Part four marks the first changeover of our holiday. After four days in Amsterdam we moved onto Brussels. Unfortunately, at this point four of our mates had to go home. Mr. Snooze and our Tall Friend (did I mention he’s 6’4”?) both had holidays booked with their respective Missus’ and had to get home before the thumbprints on their foreheads wore away. With them went Mr. Landscape and the Early Bird, who also lacked valid excuses, but at least we’d get a lie-in now.
With one last stop at our local, the waffle shop next door, we had an emotional hug goodbye complete with the arbitrary three pats on the back to make it manly. Given the horror of driving into the city, leaving Amsterdam was surprisingly easy, or perhaps the chaos had just become normal. A quick stop for petrol and lunch allowed everyone to make themselves more comfortable, except for our DJ who decided he was fine and then spent the rest of the journey cross-legged, you know, like a child does.
Brussels was a beautiful city to drive into, down by the river, on a tree-lined avenue which would have been lovely if it wasn’t for the cobbled street which left me with concussion and ruined my navigator’s time-lapse (I don’t know what was worse!) At the hostel we were split into a five and a three and put into six-berth rooms, meaning we had roommates. I was in the smaller group and after basic detective work (noticing pink suitcases and airport tags) we decided we were sharing with two American girls and a Swedish girl: the gloating began, because our friends, on the other hand, had a middle-aged English bloke. Regardless of the fact that the Swede turned out to be Canadian and the Americans unsocial and Spanish, I’d still say we won.

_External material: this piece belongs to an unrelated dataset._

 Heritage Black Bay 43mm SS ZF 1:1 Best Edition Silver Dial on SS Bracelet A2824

Our first real encounter with Brussels was unspectacular, a rainy Tuesday afternoon meant quiet streets as we searched for the city centre. That night, however, would change our opinions. Heading towards an Irish pub, we began our evening. Nice as it was though, we fancied a club. So, we asked the barman, an old Irish guy, looked like a leprechaun after a breakdown, for directions:
“You want a place with hard dance music or a place to dance with girls?” Unprepared for the euro-rave scene we opted for the latter.

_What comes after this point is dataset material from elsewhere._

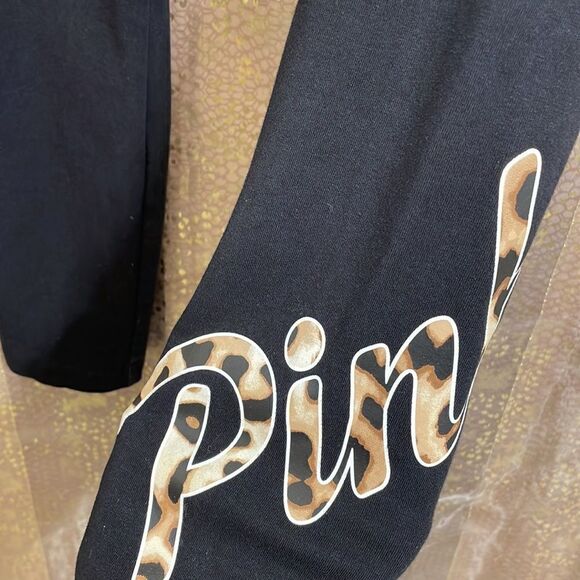 PINK Victoria’s Secret high waisted black/white leopard logo leggings, size M - Picture 3 of 6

“Oh you want to head for the red light district then!” Absolutely not what we said mate.
“Careful though, there’s a little woman behind the counter as you walk in and if you mess with her girls she will put a bullet in you.” Right, brilliant.
Not that we had any intention of going there, or messing with her girls, or even introducing ourselves to her girls. We’re more of a “hi do you come here often?” take her home to meet your mother kind of group.
Finally, however, he sent us somewhere we’d enjoy, and bloody hell was it good.